Les mains sur le clavier du virtuel, qui n’empêchent pas, en temps voulu, de présenter des initiatives d’un réalisme, et d’une efficacité sans faille. “Le virtuel nous permet de prolonger nos idées ; il ne faut le voir que comme tel : un outil de propagation d’idées“ assure le chargé de programmes d’article19.
Un pragmatisme, et un réalisme qui lui font froidement constater les choses. Comme la situation sociale au Sénégal, et “en Afrique“ s’empresse-t-il de préciser. “Nous avons dans les mains une véritable bombe à retardement. Ce sont littéralement des hordes de jeunes dans les rues, désoeuvrés. Ça a toujours été comme ça, mais là, le ratio entre la croissance démographique et la capacité de la société à résorber cette problématique, devient abyssal. D’autant plus qu’on assiste à un exode rural massif de ces jeunes, attiré dans les villes plus par les lumières, que le travail lui-même. Cela pose la question récurrente de l’occupation de l’espace public ; la révolte des marchands ambulants était presque une guérilla urbaine, souvenez-vous“ analyse longuement le trentenaire, qui ne veut pas sombrer dans un pessimisme morose malgré tout. “On a vu avec le mouvement “Y’en a marre“ , que les jeunes se prenaient de plus en plus en main, et n’attendent plus rien des autorités publiques“ soutient-il tout sourire.
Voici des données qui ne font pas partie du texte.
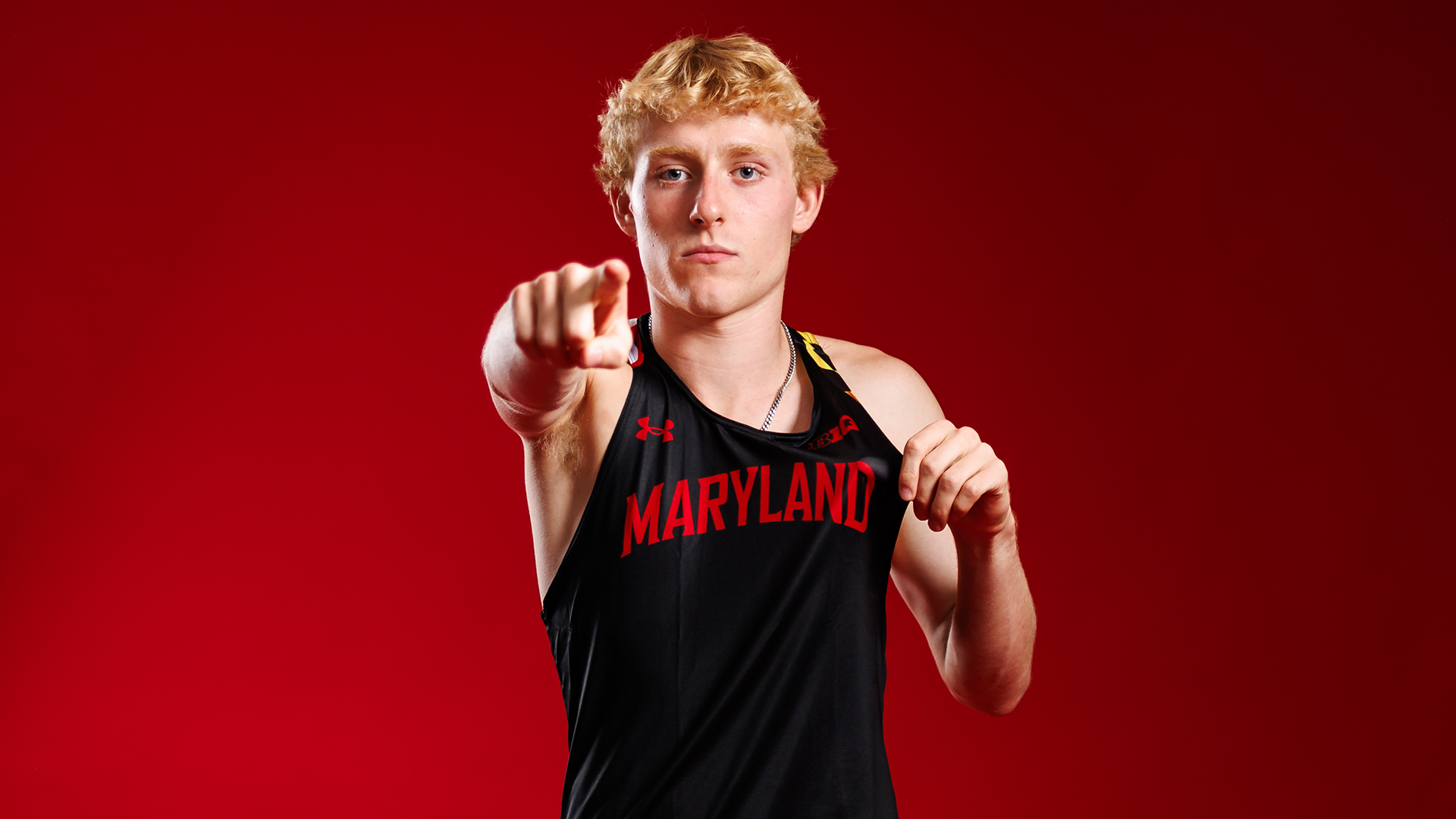Eric Penkala poses at track and field content day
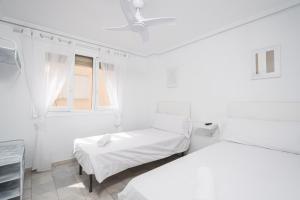 two beds in a white room with a window at Hostal Alicia in Marbella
La société civile sénégalaise est “relativement mature“ à ses yeux, mais elle “a besoin de se renouveler, comme la classe politique d’ailleurs“. “Ils doivent montrer l’exemple ; beaucoup ont été récupérés par le pouvoir actuel, et ne jouent donc plus leur rôle de contre-pouvoir ; on a l’impression de voir certains acquis reculer“ suppute l’originaire du Cap-Vert.
La même réserve est émise pour tout l’écosystème composé par les acteurs du blogging sénégalais. “Il y a trop de militantisme, pour trop peu de productions ; or le rôle premier du blogueur, c’est d’écrire, jouer son rôle de passeur d’informations, d’opinions“ explique-t-il.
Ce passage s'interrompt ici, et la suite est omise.